The big national story, of course, is that the disruption of political events is rapidly spiraling toward a prospect of serious violence, especially at the rallies of presidential contender Donald Trump, who has been widely criticized for comments that might encourage some backers in rough behavior. A few points about that:
1) If Side A rents a hall for a rally and Side B comes in and shouts down A's speaker, what has happened is better described as "mob rule" than as "free speech."
2) On the question of what constitutes incitement and solicitation to violence, Eugene Volokh sorts out a range of basic legal issues. Some will probably be new to many readers; for example, whether it is unlawful to physically tackle or drag hecklers who disrupt a meeting is a question that varies from one state's law to the next, not a constitutional question. (And yes, the rules change somewhat when rallies are held in public spaces such as parks, but since even the freedom to hold rallies in private spaces is under challenge at the moment, that's what I'll discuss here.)
3) There is no contradiction between saying that a certain candidate or cause is a menace to public liberty that we should vote against or oppose, and saying that supporters of that candidate or cause deserve the right to rally in rented halls without attempts to disrupt or shout down their proceedings. Honoring an adversary's right to engage in political assembly unmolested is not the same as supporting his cause, and contrariwise criticizing irresponsible things that a candidate may say does not somehow condone efforts to shout him down.

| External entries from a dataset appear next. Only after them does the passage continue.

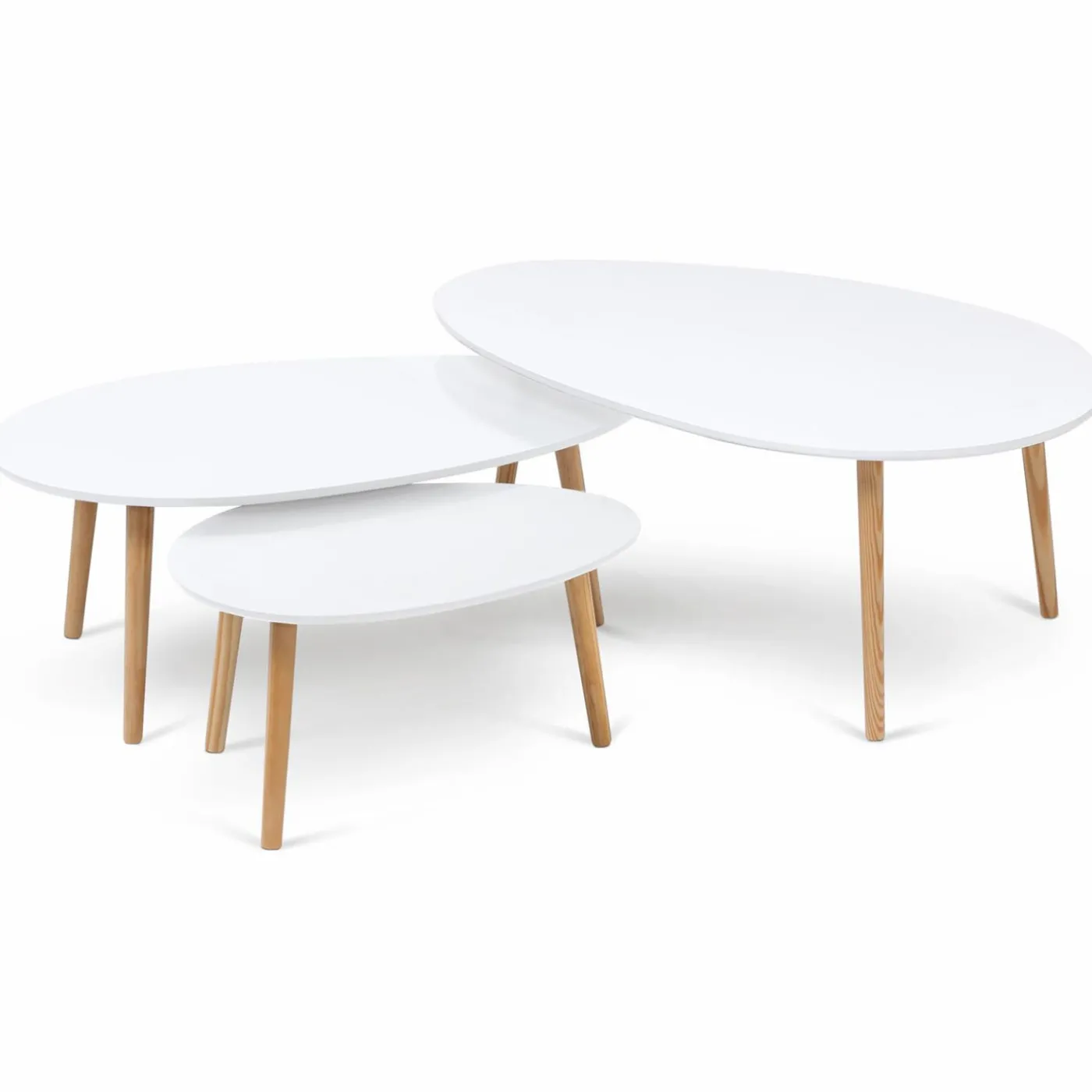 Lot de 3 tables basses de salon gigognes scandinaves laquées blanc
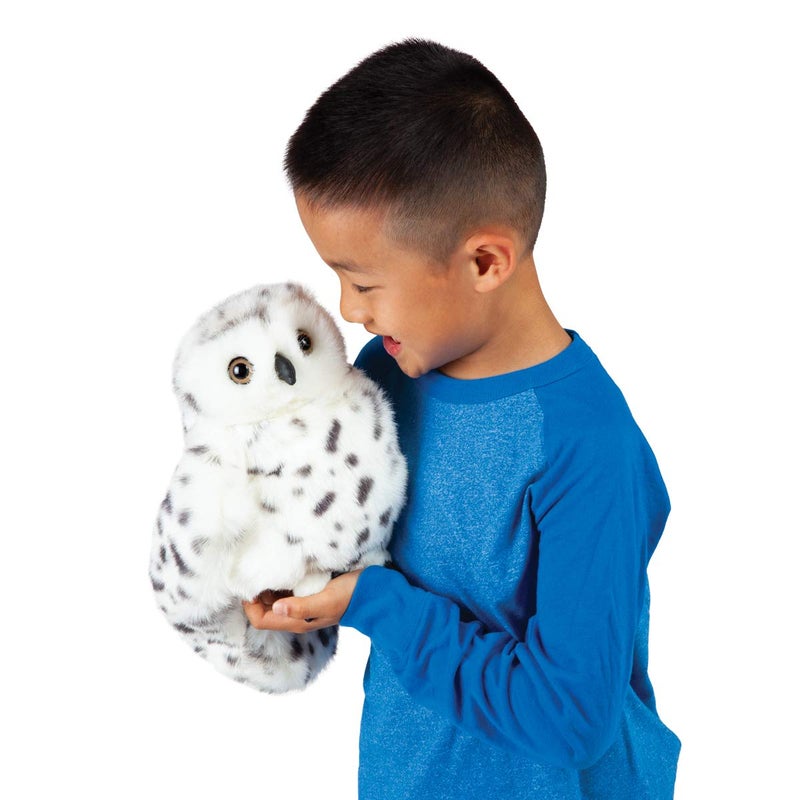 Folkmanis Snowy Owl Hand Puppet, Standard Packaging, White, Black - Image 3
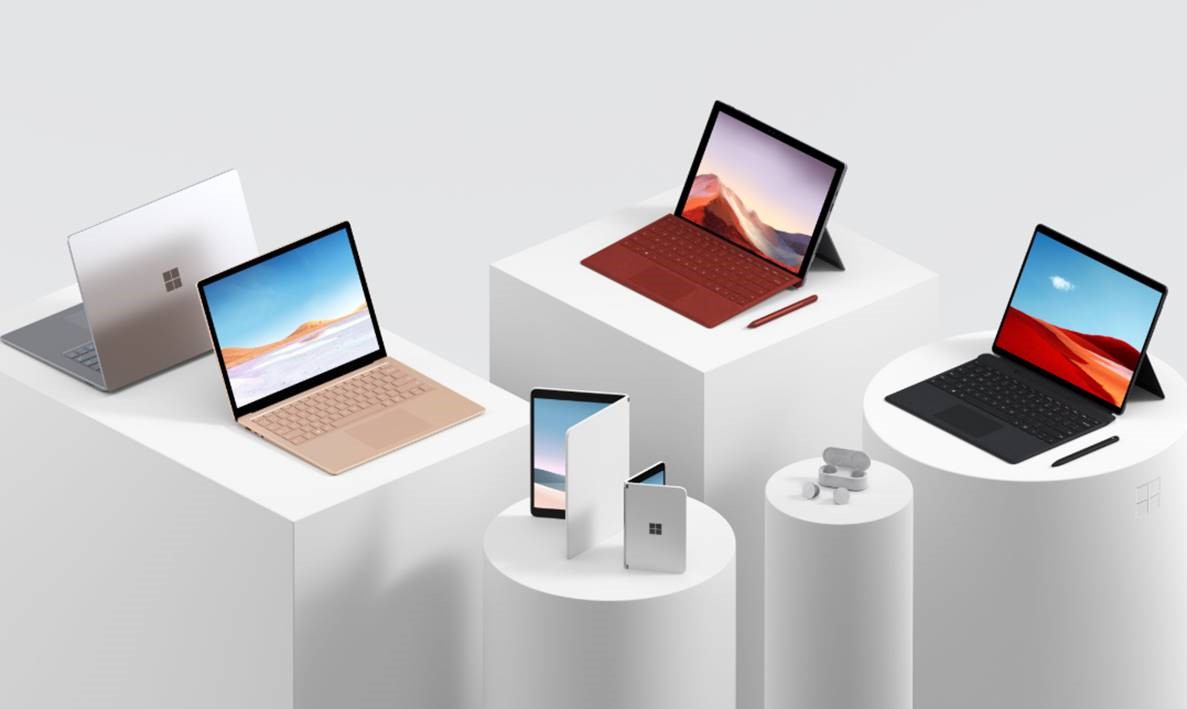 Surface-Produktfamilie bei der Vorstellung 2019 - Bild: Microsoft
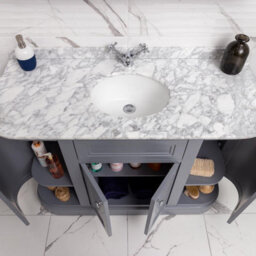 Plum&clay Fairmont Traditional Curved Light Grey Floor Standing Vanity Unit With Ceramic Basin & Marble Top (W)1200mm - thumbnail 8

4) It would probably have been helpful to start earlier on having a debate over the harms caused by mob political action and excuse-making for it in high places. For example, beginning last year, activists claiming to speak for Black Lives Matter and similar groups took over stages or otherwise disrupted events by Democratic candidates Bernie Sanders, Hillary Clinton, and Martin O'Malley, leading to a round of celebratory reflection in many quarters about how the tactics had worked.
5) "Disrupting political events is OK when we do it to them, but unacceptable when they do it to us" isn't a principle conducive to peace, stable domestic equilibrium, or intellectual coherence -- assuming peace, stability, and coherence are goals. The better course is to recognize rally disruptions as wrong when done by either or both sides, and deplore a permission-giving tone toward mob action across the board - from local activists and foundation grant officers all the way to sitting and would-be presidents.
America's political traditions are broadly classical-liberal, and over many successful periods of domestic tranquility these principles of physical forbearance toward political adversaries were widely observed among large groups of Americans whether they happened to call themselves progressives, conservatives, or something else. Will this broadly libertarian center now hold, or fail?